電網郊外散歩道

本と音楽を片手に、電網郊外を散歩する風情で身辺の出来事を記録。退職後は果樹園農業と野菜作りにも取り組んでいます。

モーツァルトの歌劇「魔笛」を観る〜二期会公演

2021年10月10日 08時40分06秒 | -オペラ・声楽
日曜の午後、山形市のやまぎん県民ホールで、宮本亜門演出の二期会オペラ、モーツァルトの歌劇「魔笛」を観ました。だいぶ前から楽しみにしていた公演で、新型コロナウィルス禍の動向にやきもきしながらなんとかなりそうだと判断してチケットを購入していたものです。今回は開演時刻を間違わずにホールに到着、妻と共に二階席へ。



やや高い位置からではありますが、オーケストラ・ピットの手前の方は見えません。目を凝らしてよくよく見ると、指揮者席を中心に左から第1ヴァイオリン、ヴィオラ、チェロ、第2ヴァイオリン、コントラバスという対向配置のようで、ピットが横長になるため管楽器はいつもの正面奥ではなくて、木管楽器が左手、金管楽器が右手、正面奥にはチェレスタ?、やや右手奥にティンパニという配置のようです。

指揮者の阪哲朗さんが登場、満員の聴衆に一礼すると、「魔笛」序曲の、あの三和音が始まります。ほんとはワクワクする序曲の間に期待が高まるところでしょうけれど、こんどの演出ではすぐに幕が上がり、立方体の手前の二面と天井が開いた形のスクエアな舞台で、現代風な家庭劇が展開されます。どうやらわがままなパパが酔っ払って暴れ、奥さんが怒って子供を置いて出ていくというふうな状況のようで、このパパが窓から飛び出すとそこからいかにもRPG風の魔笛の世界が始まるという設定。なるほど、プロジェクションがうまく使われているようです。
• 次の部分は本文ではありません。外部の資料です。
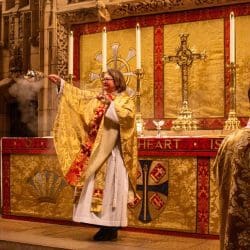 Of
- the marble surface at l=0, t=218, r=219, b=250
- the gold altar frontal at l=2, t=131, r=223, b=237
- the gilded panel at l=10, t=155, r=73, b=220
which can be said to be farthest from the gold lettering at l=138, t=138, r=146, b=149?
the gilded panel at l=10, t=155, r=73, b=220

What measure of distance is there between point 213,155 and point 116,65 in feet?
8.18

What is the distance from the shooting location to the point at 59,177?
6773mm

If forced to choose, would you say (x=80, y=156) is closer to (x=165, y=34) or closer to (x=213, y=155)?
(x=213, y=155)

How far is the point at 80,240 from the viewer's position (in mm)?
5762

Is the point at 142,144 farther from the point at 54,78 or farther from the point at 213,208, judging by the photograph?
the point at 54,78

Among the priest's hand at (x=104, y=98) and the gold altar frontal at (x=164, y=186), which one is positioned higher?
the priest's hand at (x=104, y=98)

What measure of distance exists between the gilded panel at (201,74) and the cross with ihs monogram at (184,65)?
0.36 meters

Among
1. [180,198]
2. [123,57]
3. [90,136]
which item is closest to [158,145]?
[180,198]

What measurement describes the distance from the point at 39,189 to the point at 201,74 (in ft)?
7.53

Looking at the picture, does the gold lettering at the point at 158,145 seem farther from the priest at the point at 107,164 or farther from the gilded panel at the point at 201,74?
the gilded panel at the point at 201,74

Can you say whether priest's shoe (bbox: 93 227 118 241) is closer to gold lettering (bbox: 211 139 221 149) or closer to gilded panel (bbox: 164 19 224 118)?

第一幕、例によって三人の侍女が登場しますが、なんとまあ、極端に胸を強調した演出です。一瞬、冬瓜を二個かかえているのではないかと思ってしまうほどで、お色気よりは滑稽さをねらったものみたいです。一瞬、グロテスク系の演出じゃなかろうなと心配しましたが、続いて登場する夜の女王も同系統のもので、ははあ、これは夜の女王の側は肉欲を象徴するものなんだなと理解。パパゲーノとタミーノのアリアや夜の女王のアリア等も好調で、山響もモーツァルトの音楽を柔軟にバランスよく聴かせてくれます。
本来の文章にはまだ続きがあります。